The effective management of programs is a continuing challenge for RET, as it is responsible for a number of programs (notably in energy efficiency) which are complex, risky and have ambitious targets. Despite the introduction of a Project Management Framework (PM RET) and the establishment of a Program Management and Delivery Committee (PMDC) these vehicles are yet to achieve their full potential and there remain inconsistencies in project management. Projects tend to be monitored more against completion of tasks and milestones, rather than measured against success in achieving outcomes. More broadly, there is an absence of robust performance reporting against agreed outcomes. RET would benefit from a rigorous approach to managing projects, including an agreed approach to establishing measures of success. The PMDC monitors and disseminates learnings from projects, but the learning process is not extended to policy areas, for example, the Energy White Paper 2012 .

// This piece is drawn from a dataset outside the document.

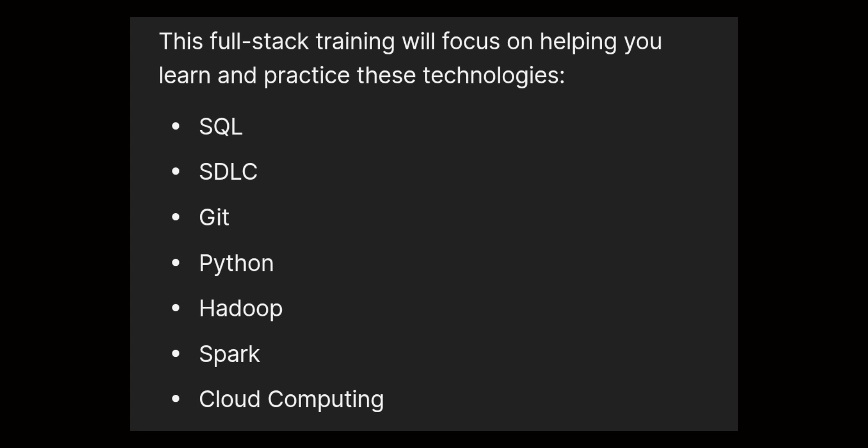Let me explain what questions you can expect in this final interview. For me, the domains were SQL, SDLC, Git, Python, Hadoop, Spark, and Cloud Computing.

Risk is not a phrase that came up in the review team's discussions on policy options, although it is better understood in the context of grant administration and the provision of corporate services. Risk management is too often seen as a compliance requirement. In light of the RET 2012 experience, it is acknowledged that financial risk needs to be better managed by the department. RET faces substantial risks associated with the lack of an effective performance management system in the context of a changing policy environment and with ongoing fiscal constraints. This needs to be addressed urgently by the department.
Leadership to enable change
The Secretary is recognised as a strong champion for the department, with an understanding of the issues at hand, effective negotiating skills and a broad, forward-looking vision encompassing departmental and government imperatives. The review team canvassed the potential areas for improvement set out in this report with the senior executive and SES, and there was generally good support for change. This is important because, as a group, RET leaders will need to display leadership behaviours based on shared values, and be proactive and engaging in their interactions with the workforce and external stakeholders if progress is to be made on change.
It is crucial to the success of this process that the department fully comprehends and supports the vehicles it has at its disposal. A good start has been made with a new corporate planning process, changes to governance structures and specific improvements to some systems and processes. Workforce planning and performance management are crucial aspects of this change, as well as using RET's communications capability. The Secretary and senior executive need to make a judgment about the appropriate pace of change in the context of the department's ongoing responsibilities and fiscal constraints, but it is important that these constraints are not used as reasons to defer required actions.
It is commendable that the Secretary brings a high level of enthusiasm and passion to tackling the issues set out in this report. The challenge now is implementation. In this regard, the department may find it useful to discuss with the APSC significant change programs successfully implemented by APS agencies, including following the findings of capability reviews, to draw on lessons learned.